Remarks of Clara Wheatley, Chair, Kentucky Nature Preserves Commission, on Presentation of KSNPC 2003 Biological Diversity Protection Award to the Kentucky Resources Council and its Director, December 2, 2003
Each year, the commission selects an individual to honor for their work to protect the biological integrity of our commonwealth. The recipient of the Biological Diversity Protection Award for 2003 is the very deserving Tom FitzGerald. But first, I would like to say a few words to explain why he was chosen.

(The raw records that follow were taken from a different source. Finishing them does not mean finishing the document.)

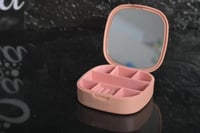 مجموعه(12) شنط كسسورات مع مراية مع اختيار الثيم من...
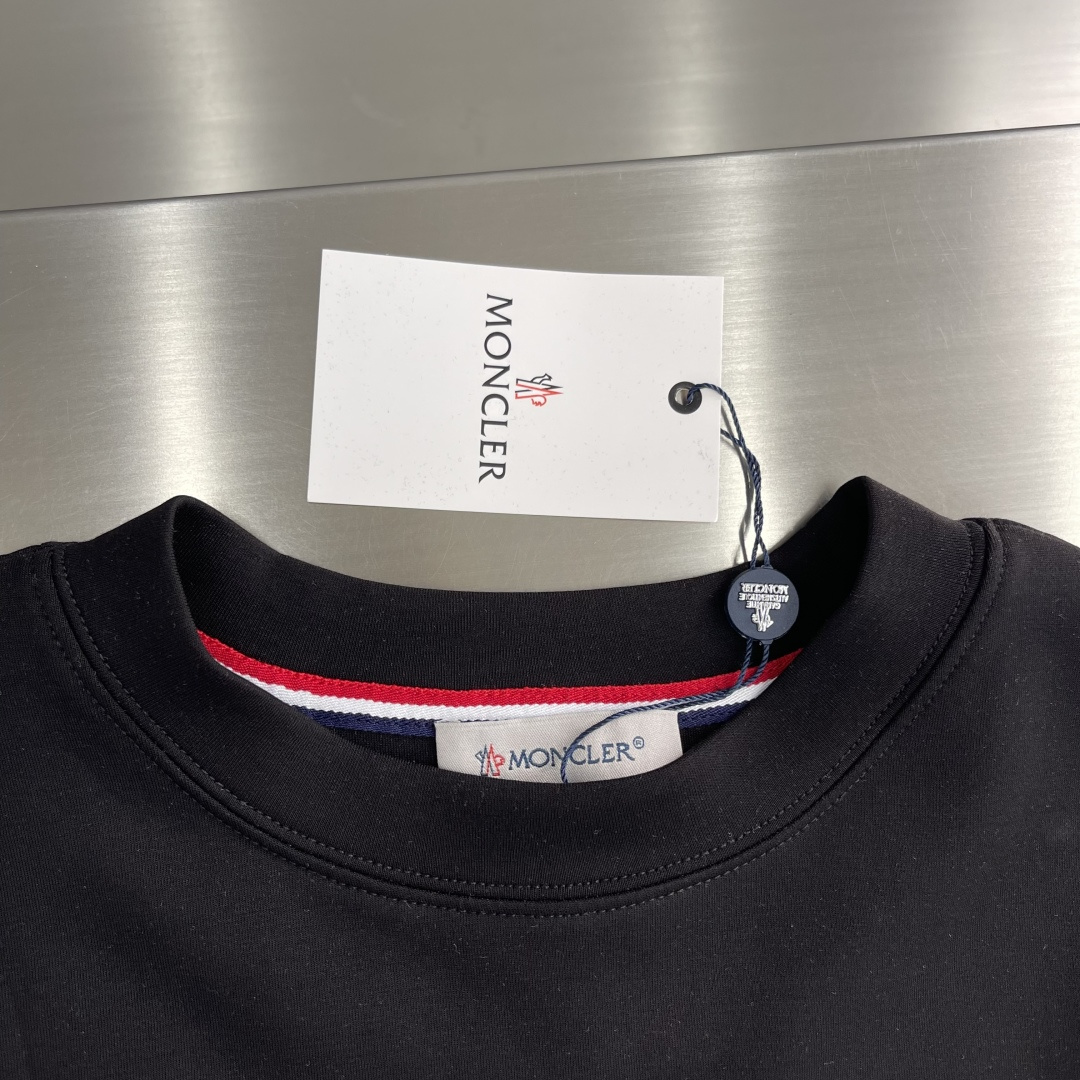 -mon 2025秋冬新款时尚休闲打底衫长袖T恤。精选进口高密度双面拉架棉面料，精致原版logo打造，舒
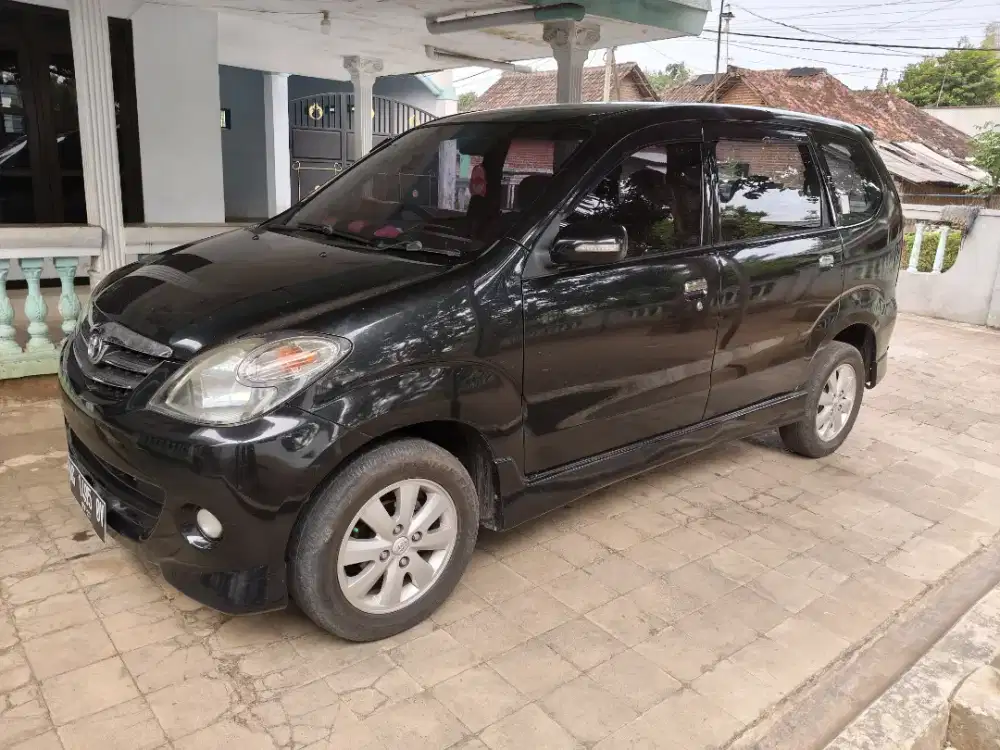 Mobil Avanza Tipe S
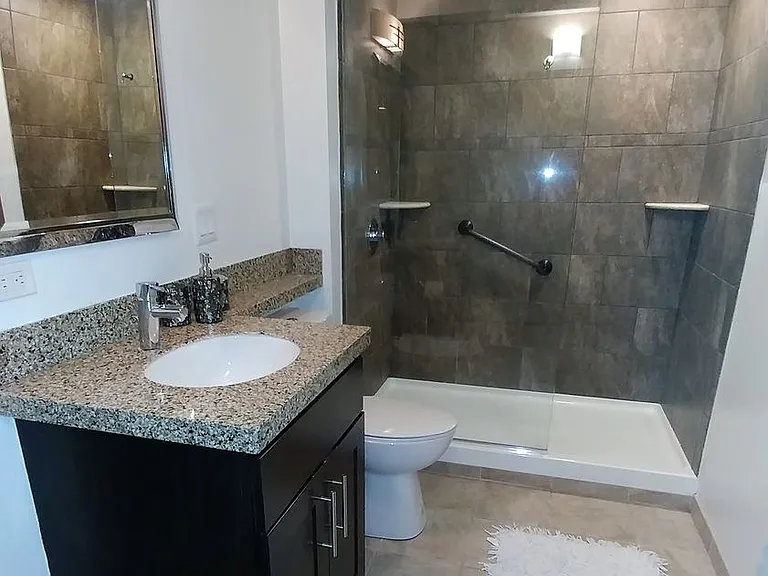 Center Square Apartments — Photo 29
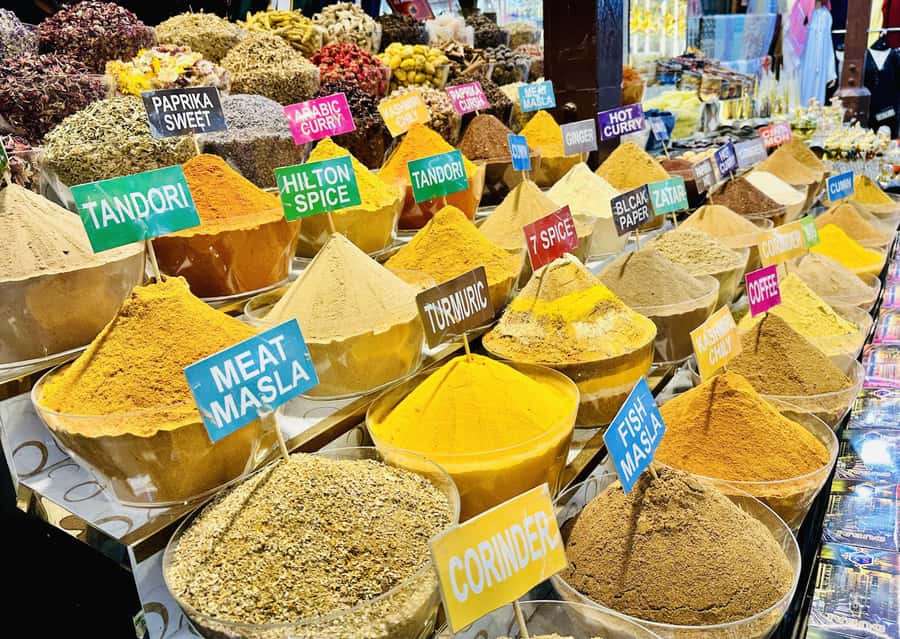 Dubai: Authentic Old Town, Souks, Tastings & Abra Boat Tour - Key points at a glance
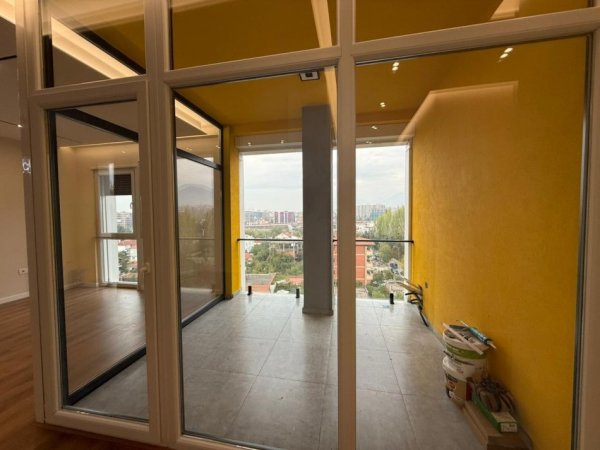 Tirane, jepet me qera apartament 1+1+Ballkon Kati 4, 67 m² 600 € 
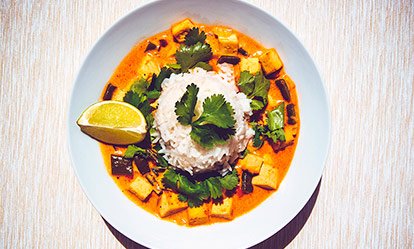 Tu plato esta listo - Curry rojo tailandes de tofu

Tom FitzGerald began his work protecting Kentucky's environment in the 1970's with the Appalachian Research and Defense Fund of Kentucky. He began work with the Kentucky Resources Council in 1984 and has been its Director to this day. The Kentucky Resources Council, or KRC, is a private, non-profit environmental advocacy organization. It provides resources ? legal, technical and advisory to individuals, communities, and social justice organizations on environmental issues that affect the quality of their life.
Over the course of his nearly 30-year tenure "Fitz's" name has become synonymous with environmental protection in Kentucky. He is a primary mover in several other major environmental non-profits. His expertise spans the full breadth of environmental protection issues: surface and underground coal mining; air and water quality; solid, hazardous and radioactive waste; zoning and land use planning and many non-environmental issues with a green impact.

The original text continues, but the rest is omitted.